Die magische 11 der Homöopathie für Kinder

Dieser Elternratgeber bringt die homöopathische Behandlung typischer Beschwerden und Kinderkrankheiten von der Babyzeit bis zur Pubertät einfach auf einen Nenner. In der Praxis hat sich unzählige Male erwiesen, dass für die häufigsten Erkrankungen bei Kindern eine bewährte Auswahl von Heilmitteln existiert: die magische 11 der Homöopathie. So gelten beispielsweise Arnica, Belladonna oder Chamomilla nach aller Erfahrung als die wichtigsten Arzneien. Genau um diese und weitere Mittel, die sich immer wieder als heilsam bewiesen haben, geht es in dem Buch.

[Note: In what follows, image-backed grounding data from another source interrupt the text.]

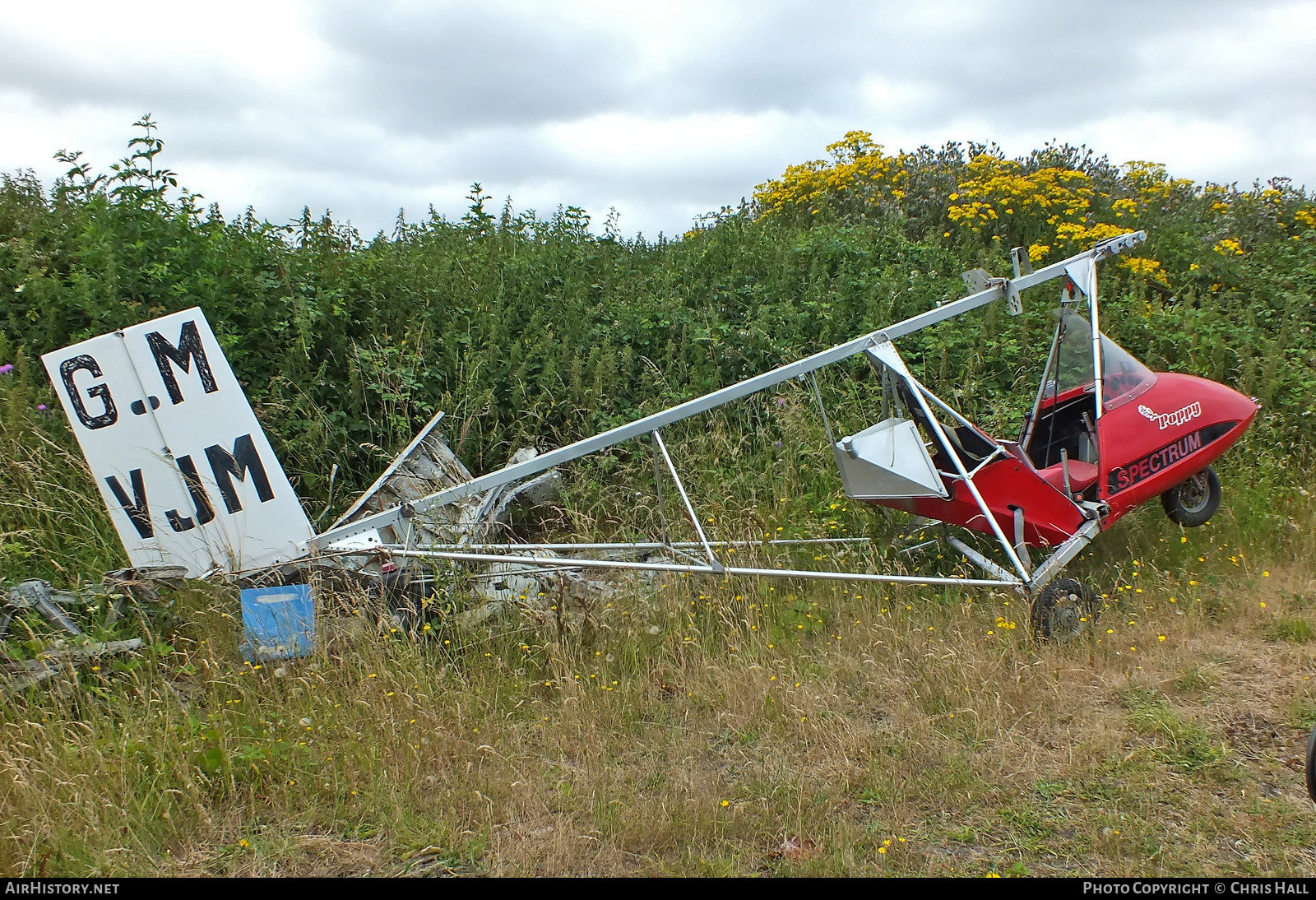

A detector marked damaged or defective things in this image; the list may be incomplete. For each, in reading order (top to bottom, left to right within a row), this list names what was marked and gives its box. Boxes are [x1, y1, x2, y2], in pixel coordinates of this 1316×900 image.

wrecked ultralight aircraft [35, 231, 1258, 639]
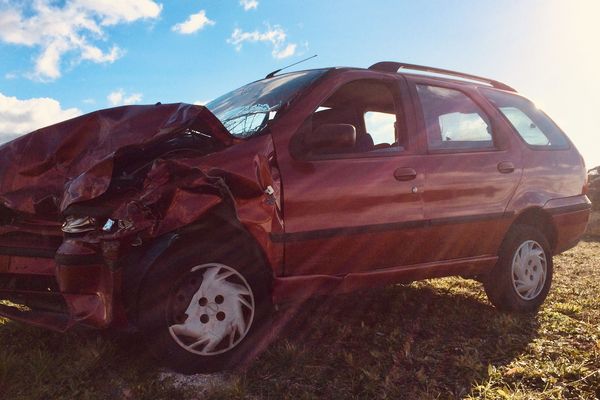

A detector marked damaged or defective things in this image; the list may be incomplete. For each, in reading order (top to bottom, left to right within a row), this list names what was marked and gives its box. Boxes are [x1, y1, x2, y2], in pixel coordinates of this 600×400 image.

crumpled hood [0, 103, 232, 216]
shattered windshield [206, 69, 328, 138]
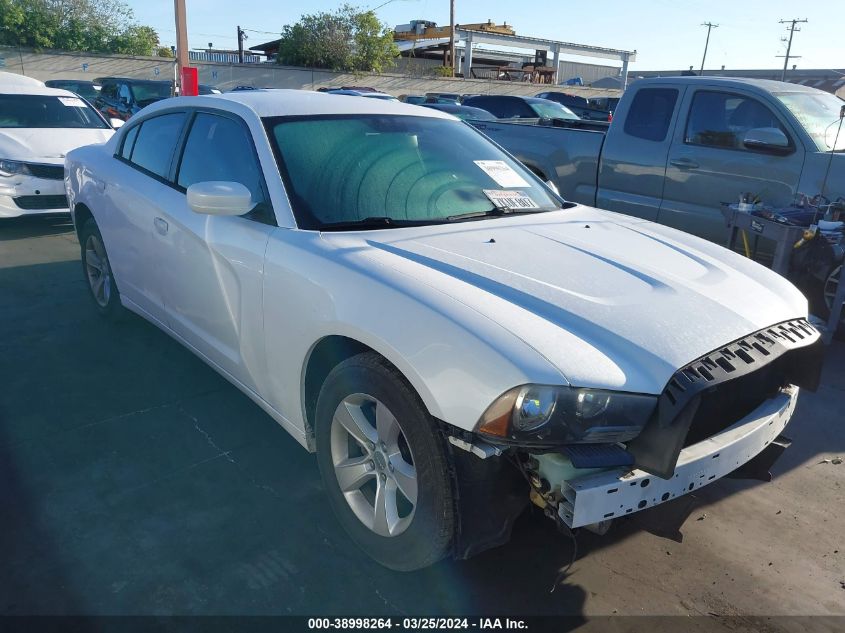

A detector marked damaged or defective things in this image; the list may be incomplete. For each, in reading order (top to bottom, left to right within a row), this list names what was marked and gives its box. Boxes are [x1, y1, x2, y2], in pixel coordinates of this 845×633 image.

cracked headlight [0, 159, 29, 177]
cracked headlight [478, 386, 656, 444]
damaged front bumper [536, 386, 796, 528]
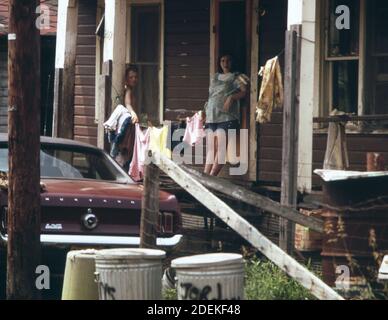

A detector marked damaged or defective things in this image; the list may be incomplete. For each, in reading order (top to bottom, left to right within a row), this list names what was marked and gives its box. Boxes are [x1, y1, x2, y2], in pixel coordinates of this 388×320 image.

rusted bucket [316, 171, 388, 288]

Es stellt die magischen 11 Mittel für Kinder vor, wenn diese zum Beispiel unter Fieber, Husten, Durchfall oder Schlafproblemen leiden. Sollte das Hauptmittel nicht wirksam sein, werden - abgestimmt auf die individuelle Ausprägung der Begleitbeschwerden - noch drei weitere Helfermittel empfohlen. Der Folder zum Buch präsentiert in übersichtlicher Kurzform die häufigsten Beschwerden und die ihnen zugeordneten Mittel.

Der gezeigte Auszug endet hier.